I think I’m right in remembering that the sentiment was voiced during the press tour for Tarantino’s Kill Bill Vol. 1 and was in no small way directed at the similarities and dissimilarities between his film and the two Matrix sequels, Reloaded and Revolutions, which were all being released in the same year.
Tarantino was right to a certain extent and from a certain point of view. Not right about the undoubtedly tricky endeavour of getting his penis inside a Nintendo console but right about his perception of Computer Generated Imagery achieving the death of cinema. The cinema that existed in 2003 is dead. Regardless of how you feel about Hollywood filmmaking in 2019 it’s impossible to argue that the industry and the work that it brings about is the same as when Tarantino made the remark. Computer imagery has a lot to do with that simply because it has changed the way in which people make and regard films.
I was reminded of the quote when watching Jon Favreau’s remake of Disney’s The Lion King. The original came out nine years before Kill Bill and the Matrix sequels but one year after the release of Spielberg’s Jurassic Park. Although CGI had been a significant element in filmmaking before Jurassic Park, no film Hollywood or otherwise had used the tool so prominently or successfully. One year after the release of The Lion King, Pixar’s Toy Story became the first feature length CGI film. Jurassic Park and Toy Story are hallmarks in the lineage of CGI.

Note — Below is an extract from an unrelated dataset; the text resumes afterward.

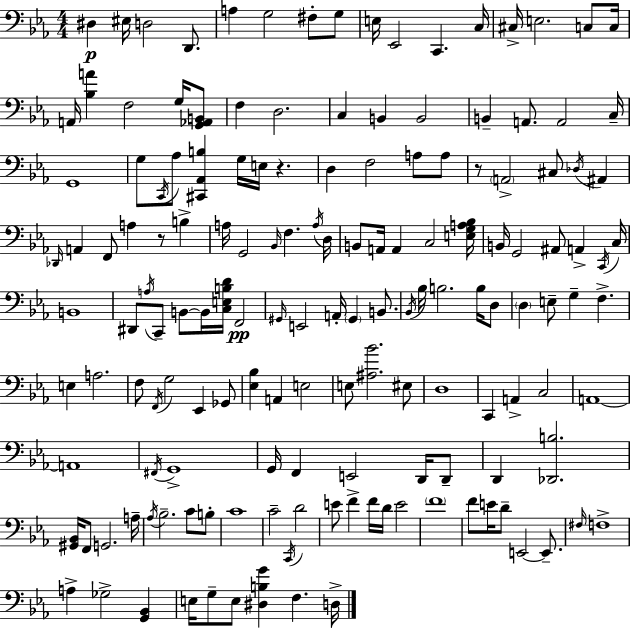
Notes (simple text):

D#3/q EIS3/s D3/h D2/e. A3/q G3/h F#3/e G3/e E3/s Eb2/h C2/q. C3/s C#3/s E3/h. C3/e C3/s A2/s [Bb3,A4]/q F3/h G3/s [G2,Ab2,B2]/e F3/q D3/h. C3/q B2/q B2/h B2/q A2/e. A2/h C3/s G2/w G3/e C2/s Ab3/e [C#2,Ab2,B3]/q G3/s E3/s R/q. D3/q F3/h A3/e A3/e R/e A2/h C#3/e Db3/s A#2/q Db2/s A2/q F2/e A3/q R/e B3/q A3/s G2/h Bb2/s F3/q. A3/s D3/s B2/e A2/s A2/q C3/h [E3,G3,A3,Bb3]/s B2/s G2/h A#2/e A2/q C2/s C3/s B2/w D#2/e A3/s C2/e B2/e B2/s [C3,E3,B3,D4]/s F2/h G#2/s E2/h A2/s G#2/q B2/e. Bb2/s Bb3/s B3/h. B3/s D3/e D3/q E3/e G3/q F3/q. E3/q A3/h. F3/e F2/s G3/h Eb2/q Gb2/e [Eb3,Bb3]/q A2/q E3/h E3/e [A#3,Bb4]/h. EIS3/e D3/w C2/q A2/q C3/h A2/w A2/w F#2/s G2/w G2/s F2/q E2/h D2/s D2/e D2/q [Db2,B3]/h. [G#2,Bb2]/s F2/e G2/h. A3/s Ab3/s Bb3/h. C4/e B3/e C4/w C4/h C2/s D4/h E4/e F4/q F4/s D4/s E4/h F4/w F4/e E4/s D4/e E2/h E2/e. F#3/s F3/w A3/q Gb3/h [G2,Bb2]/q E3/s G3/e E3/e [D#3,B3,G4]/q F3/q. D3/s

A remake of The Lion King in 2019 using state of the art computer imagery suggests an increasing reliance on the format in our ability to ingest film as an entertainment experience. Can we not still appreciate the magic of the original in its two-dimensions? Favreau’s interpretation of the story is actually more reiteration than interpretation because it is almost identical to the 1994 version in everything but the animation. And scene for scene I couldn’t pick a moment in the 2019 film that improved upon its 1994 counterpart.
As Gus Van Sant persuasively demonstrated with his shot-for-shot remake of Alfred Hitchcock’s Psycho, direct emulation does not beget corresponding excellence. Favreau’s The Lion King may not be shot-for-shot but it’s pretty darn close. The film takes something really special and adds little more than computer imagery. I understand why Disney wanted to remake The Lion King (though I disagree with their incentives) but struggle to understand Favreau’s reasoning for wanting to do something like this, and wanting to do it how he has. The film is ultimately creatively bankrupt.
The decision to interpret the story with computer imagery is a burden to the film beyond its superficial redundancy. With almost-photorealistic images at his disposal, Favreau has made the decision to jettison some of the original’s more visually fantastical set pieces, such as the colourful but realistically impossible sequences that are animated to ‘I Just Can’t Wait To Be King’ and ‘Be Prepared’. Everything in Favreu’s The Lion King is doggedly grounded in reality. There’s something seriously disheartening about an animated children’s film that ties one creative hand behind its back.
I would suggest to anyone wanting to revisit the The Lion King to do just that. Watching the 2019 remake I found that my overwhelming response was how much I wished I were watching the original. This remake is sterile, succeeding solely thanks to the virtues of the original. Disney won’t care because they’ll be rewarded by our increasing inclination to reward repetition. The movie will make a lot of money. The cinemas of a decade ago and a decade before that are dead.